We are born at sunset and we die ere morn,
And the whole darkness of the world we know,
How can we guess its truth, to darkness born,
The obscure consequence of absent glow?
Only the stars do teach us light. We grasp
Their scattered smallnesses with thoughts that stray,
And, though their eyes look through night’s complete mask,
Yet they speak not the features of the day.
Why should these small denials of the whole
More than the black whole the pleased eyes attract?
Why what it calls «worth» does the captive soul
Add to the small and from the large detract?
So, put of light’s love wishing it night’s stretch,
A nightly thought of day we darkly reach.
XV.
Like a bad suitor desperate and trembling
From the mixed sense of being not loved and loving,
Who with feared longing half would know, dissembling
With what he’d wish proved what he fears soon proving,
I look with inner eyes afraid to look,
Yet perplexed into looking, at the worth
This verse may have and wonder, of my book,
To what thoughts shall’t in alien hearts give birth.
But, as he who doth love, and, loving, hopes,
Yet, hoping, fears, fears to put proof to proof,
And in his mind for possible proofs gropes,
Delaying the true proof, lest the real thing scoff,
I daily live, i’th’ fame I dream to see,
But by my thought of others’ thought of me.
XVI.
We never joy enjoy to that full point
Regret doth wish joy had enjoyèd been,
Nor have the strength regret to disappoint
Recalling not past joy’s thought, but its mien.
Yet joy was joy when it enjoyèd was
And after-enjoyed when as joy recalled,
It must have been joy ere its joy did pass
And, recalled, joy still, since its being-past galled.

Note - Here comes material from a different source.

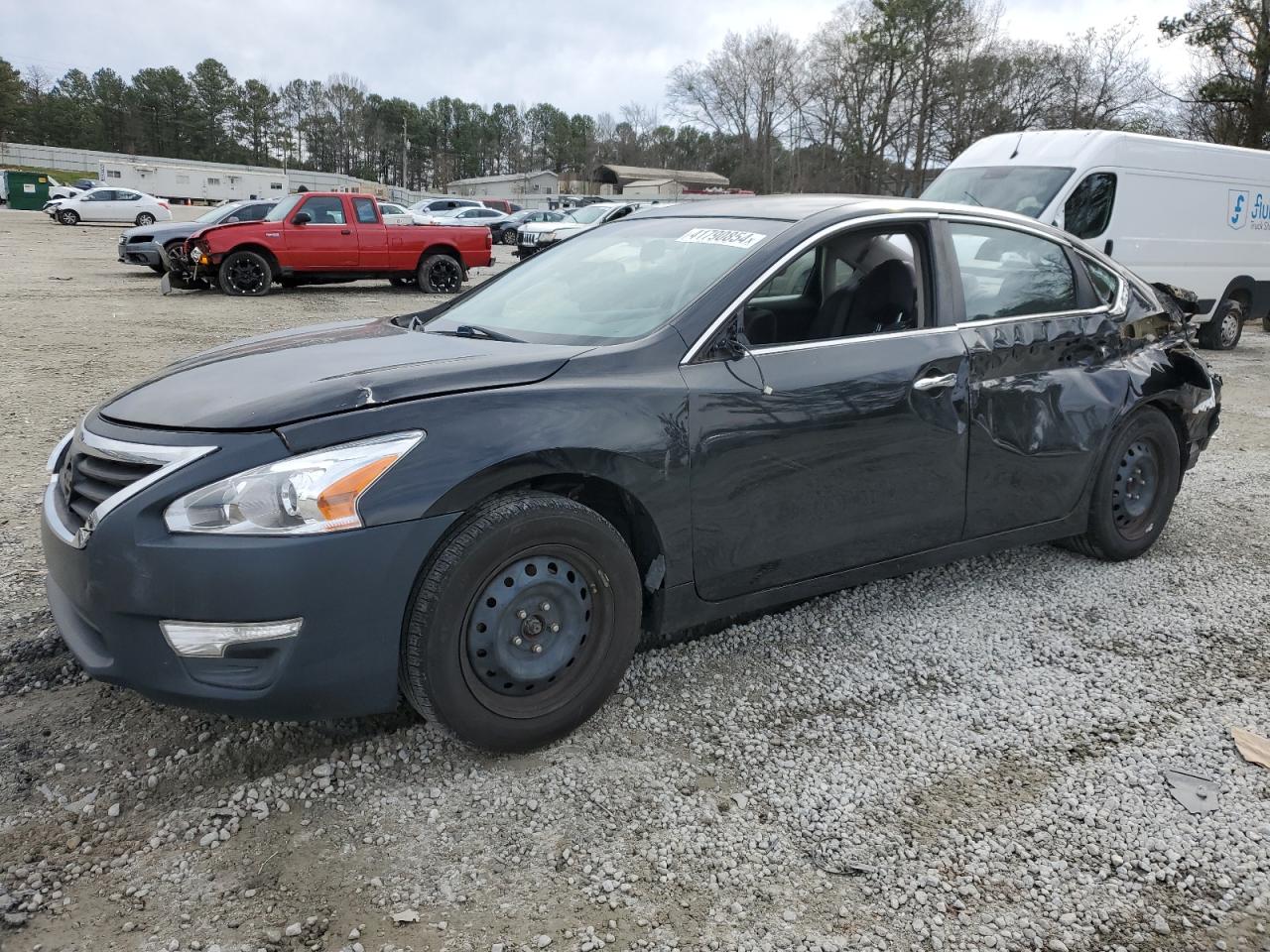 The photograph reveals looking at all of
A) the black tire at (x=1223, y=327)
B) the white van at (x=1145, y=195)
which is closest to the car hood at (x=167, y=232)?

Alas! All this is useless, for joy’s in
Enjoying, not in thinking of enjoying.
Its mere thought-mirroring gainst itself doth sin,
By mere reflecting solid life destroying,
Yet the more thought we take to thought to prove
It must not think, doth further from joy move.
XVII.
My love, and not I, is the egoist.
My love for thee loves itself more than thee;
Ay, more than me, in whom it doth exist,
And makes me live that it may feed on me.
In the country of bridges the bridge is
More real than the shores it doth unsever;
So in our world, all of Relation, this
Is true—that truer is Love than either lover.
This thought therefore comes lightly to Doubt’s door—
If we, seeing substance of this world, are not
Mere Intervals, God’s Absence and no more,
Hollows in real Consciousness and Thought.
And if ’tis possible to Thought to bear this fruit,
Why should it not be possible to Truth?
XVIII.
Indefinite space, which, by co-substance night,
In one black mystery two void mysteries blends;
The stray stars, whose innumerable light
Repeats one mystery till conjecture ends;
The stream of time, known by birth-bursting bubbles;
The gulf of silence, empty even of nought;
Thought’s high-walled maze, which the outed owner troubles
Because the string’s lost and the plan forgot:
When I think on this and that here I stand,
The thinker of these thoughts, emptily wise,
Holding up to my thinking my thing-hand
And looking at it with thought-alien eyes,
The prayer of my wonder looketh past
The universal darkness lone and vast.